Somatic analysis, as I call it, isn’t just about capturing aggregate number of smiles and vertical gazes… it’s also about driving the behavior of the system. Ellie can tell if you’re hesitant to reply and can make a prediction about that. So the chain of questions that she may ask is a real-time sympathetic feedback loop. If you interact with Ellie ten times you can see progression and change in her responses. She becomes more sensitive to the methods and systems of interaction..
This may represent an important trend in robotics design. These methods of semantic and somatic analysis are the eyes and ears that proper robotic interfaces need to have. And the trends are being reflected in the software industry. For example, Apple is beefing up its personal assistant capabilities by purchasing ($40m) Cue, a company that integrates outside realtime data similar to Google Now, Nuance’s Wintermute, or http://don.na.
This research is what we’re focused on today at Geppetto Labs (and recently at Figaro Avatars, as well). Our primary focus has been to make sure that our systems are listening to our users, able to accurately measure their emotions, and able to reflect back the emotions that are most appropriate for the task at hand.
If, for example, someone is speaking with a system to provide medical assistance, they need to feel comfortable and confident that the system is helping them. If we are able to determine that they do not feel comfortable, then we need to be able to quickly change the interaction so that we are addressing what is making them feel uncomfortable. What this means is that we measure the affect values of the words they are using and we use that to then build a goal-driven interaction that is intended to create a sympathetic feedback loop.
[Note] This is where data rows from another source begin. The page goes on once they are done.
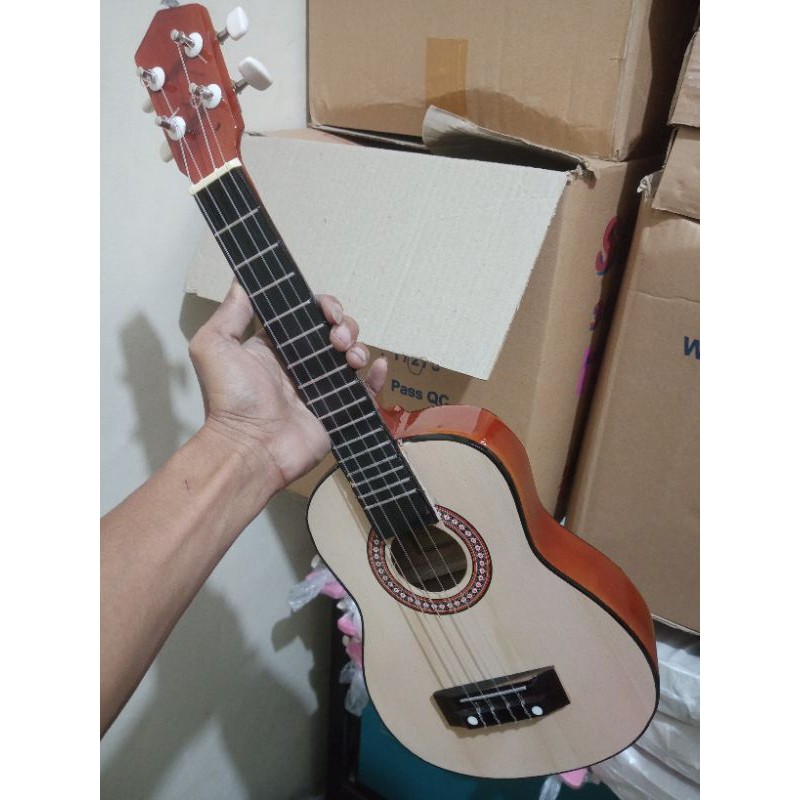 kentrung 4 dan 3,Cuk senar 4 dan GARANSI jika PECAH/PATAH/ Ukulele alat musik Gitar senar4 murah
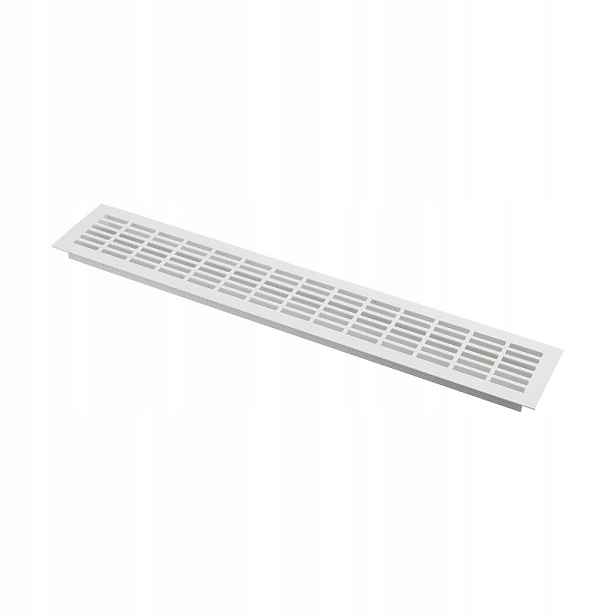Ventilační Mřížka Alu K-80N 80x480 mm x 10 ks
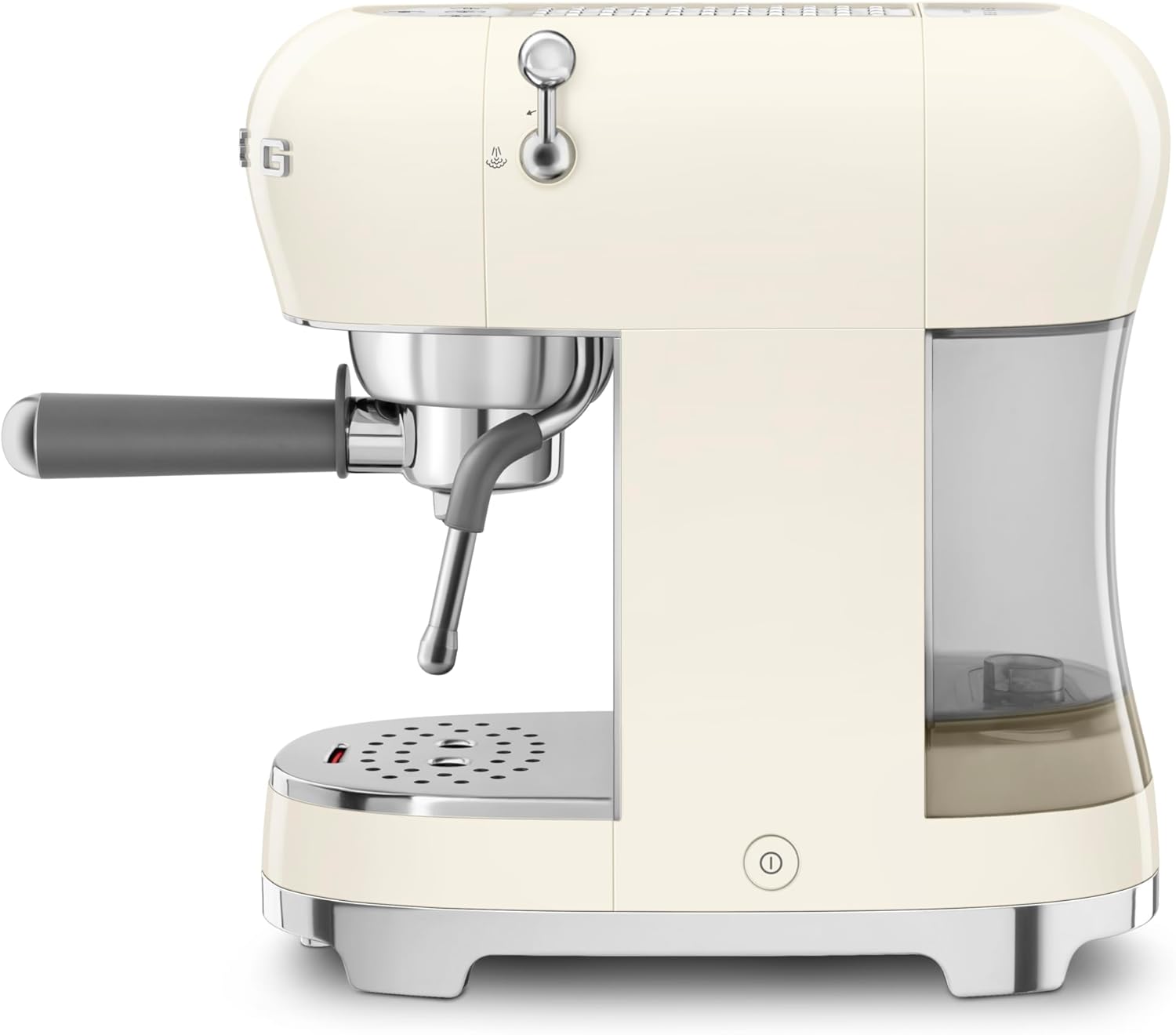 Smeg ECF02PGEU Compact Espresso & Cappuccino Maker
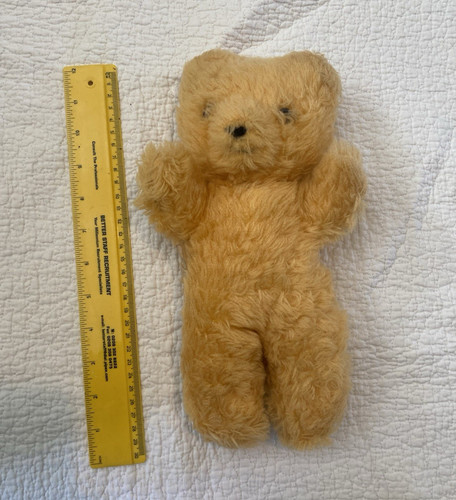 Chad valley beige plush teddy - plush,
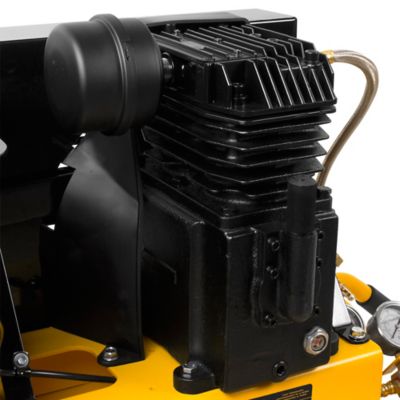 Image showing  5.5 RHP 8 gal. Single-Stage Wheelbarrow Gas-Powered Air Compressor
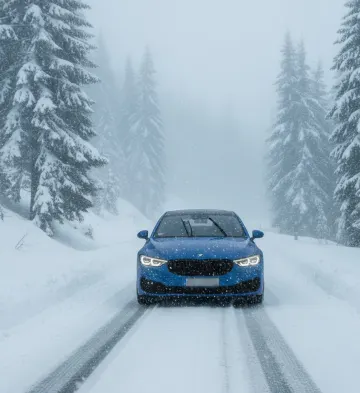 Through the Whispering Pines: Winter’s Passage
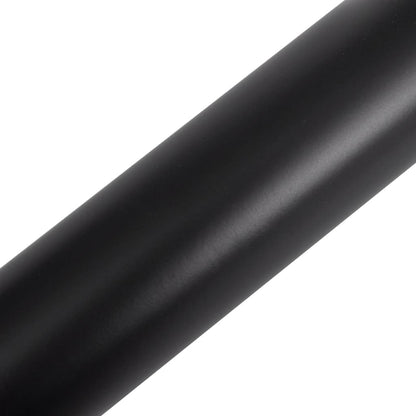 Film adhésif pour voiture noir mat 500x152 cm imperméable sans bulles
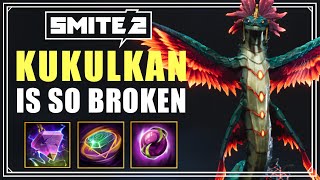 KUKU CHANGES ARE INSANE  Smite 2 Alpha Kukulkan Gameplay [upl. by Eninotna270]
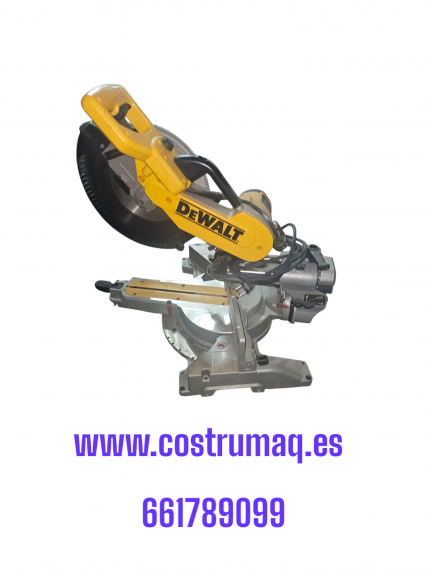 Foto INGLETADORA DEWALT (MADERA, ALUMINIO)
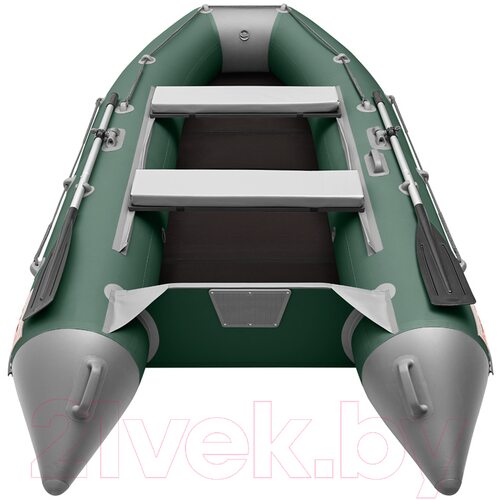 Лодка ПВХ Roger Boat Hunter 3200 (без киля, зеленый/серый) Лодка ПВХ Roger Boat Hunter 3200 (без киля, зеленый/серый)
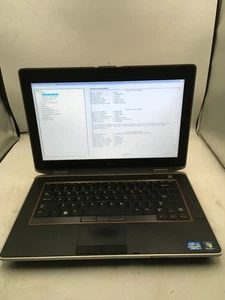 DELL LATITUDE E6420 - BOOTS TO BIOS - INTEL I5 2540M - NO RAM - NO OS -READ- BB - Picture 1 of 7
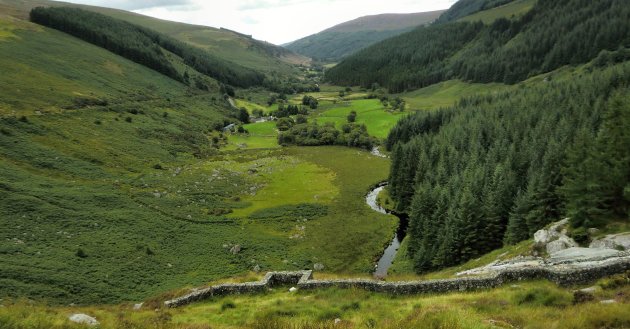 de tuin van Ierland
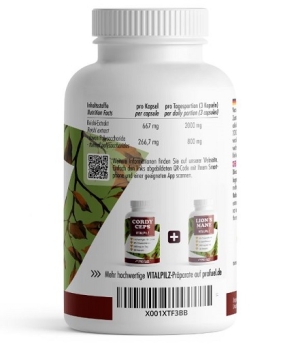 ProFuel REISHI champignon médicinal 180 gélules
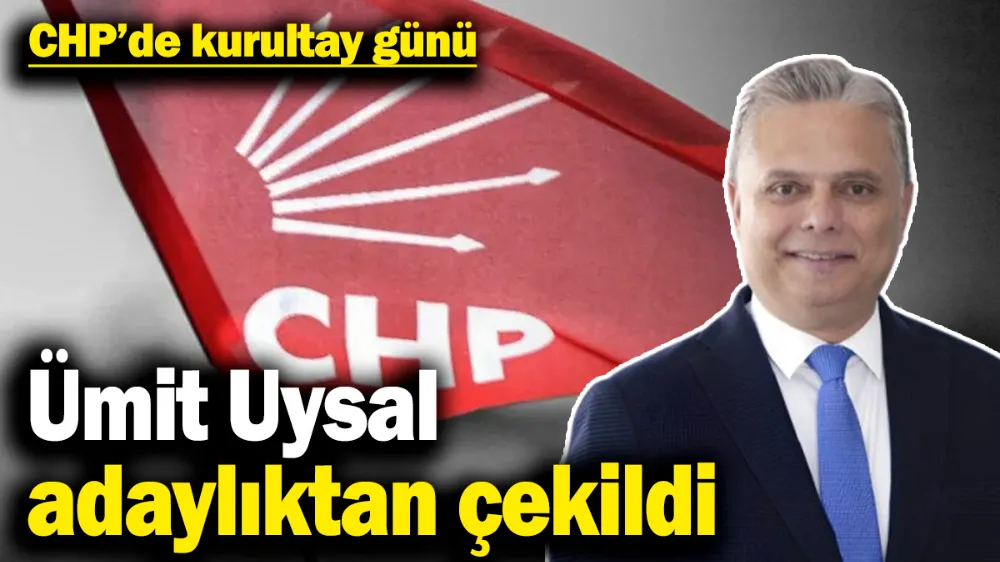 CHP’de kurultay günü! 
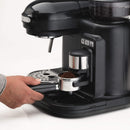 Macchina da caffè espresso con macinacaffè Moderna Nero bigeshop
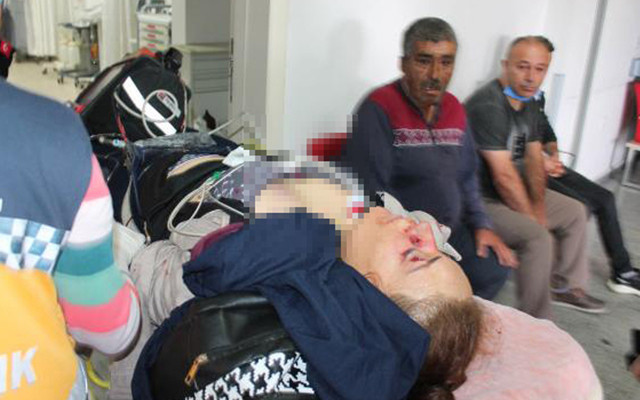 Aksaray'da boşanma aşamasındaki kadına 'koca' terörü: Çocuklarının yanında ateş açtı - Resim: 0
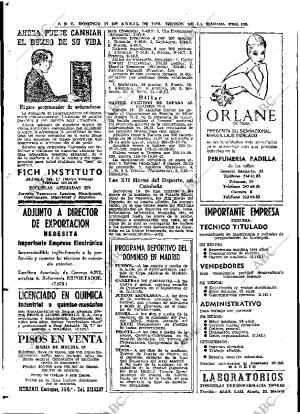 ABC MADRID 17-04-1966 página 108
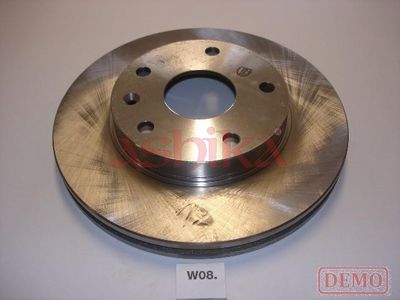 спирачен диск ASHIKA 60-0W-008C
One group working on the Ellie project managed to gain access to the Facebook pages of people who had committed suicide, and did a complete linguistic analysis of what they said and how they said it, and then used the data to ask if there were things that could be spotted in advance to indicate if that person was at risk. They measured semantics, sentiment, syntax, affect and other vectors to build linguistic models that mapped to emotional state. Now that they have finished their DARPA funding, Rizzo supposes that Facebook may be implementing some of these algorithms on their site. Not that if someone says the magic words that people in white coats are going to come pounding on their door, but he observes that the types of ads and messages that appear on the pages of these people are pushed more towards mental health.
This is how all humans, or almost all humans, interact. We each talk with one another in a manner that hopefully provides mutual comfort and encouragement – an interaction that is designed to create closeness confidence and trust.
After all, it’s been said that most important debates around things like politics and religion have little to do with the words and everything to do with the emotions. Affective computing is one of the most important revolutions in user-interface design because emotion is of one of the most important human motivators. And work like Rizzo’s is paving the way to understand this better.
As my aunt said, “You have two ears and one mouth for a reason.”